As I puzzled over this and the art on 14th Street that weekend, I remembered a list of directions that does exist in print and points towards how one might begin to make or understand art in a social space: Sister Corita Kent’s Rules and Hints for Students and Teachers. The first item in this list reads, “Find a place you trust and then try trusting it for a while.” This is not something pedestrians are used to doing in New York. They trust the place of the street and sidewalk only insofar as they assume they will get where they’re going at the appointed time if they don’t stop.
AiOP artists performed, installed, and shared work that offered potential detours and diversions to passersby, new routes of experience on top of their expected paths. Some of their work functioned as invitations to trust the space of the sidewalk as something more than a place of conveyance. On Friday evening Jan Baracz lay a square of fabric soaked in india ink on the sidewalk and surrounded it with paper plates. Encouraging people to step on the fabric then across the plates, Baracz was calling attention to the way we, and especially our feet, are implicated in the flat refuse of the sidewalk. We author that stuff by dropping it there, and then we sign it with our footprint. Other work played on the idea of the street as a place of movement without interrupting it. Unrolling a red carpet in line with the crosswalk, artist Ayana Evans gave pedestrians the opportunity to be empowered and joyful without missing a beat, or a step toward their destination. With her piece Evans was also presenting a transaction wherein the currency was trust: if you trust me and walk down this red carpet, you will like it.
Still other work coexisted so uncannily with its surroundings that people passed it by unaware of the presence of art. Hiding in plain sight can be a difficult quality to pull off. Battleships achieve it economically by being painted haze gray—a last line of defense, or offense. I’ve heard of graffiti artists wearing coveralls, and carrying a ladder to pass as legal wall painters.
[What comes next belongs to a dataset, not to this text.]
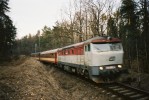 751.032 v Sp 1896 z Prahy Mas.n. do Rakovnka, na vjezdu do Lun, 16.3.2003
Standing next to his piece If I Could Build Anything I Wanted III, Enrique Figueredo explained that The Home Depot in New York sells gallons of premixed green construction paint. So when he installed his plywood box between 8th and 9th Avenues, a coat of this green paint helped it sit inconspicuously in its surroundings. Just another construction site. But a glance through one of its four rhomboid windows (typical shape and height of those found in “real” construction siding) revealed a different site within.
In general, the various unexpected moments and experiences presented by these artists remind us of the existence of other possible paths. Some of these paths are slow and meditative— i.e. Arantxa Araujo’s SENSEsoscope. Some paths detour inside, like Enrique Figueredo’s work. Some paths, like Ayana Evans’ I Want Some Sugar With My S***, embody Sister Corita Kent’s ninth rule: “Be happy whenever you can manage it. Enjoy yourself. It’s lighter than you think.”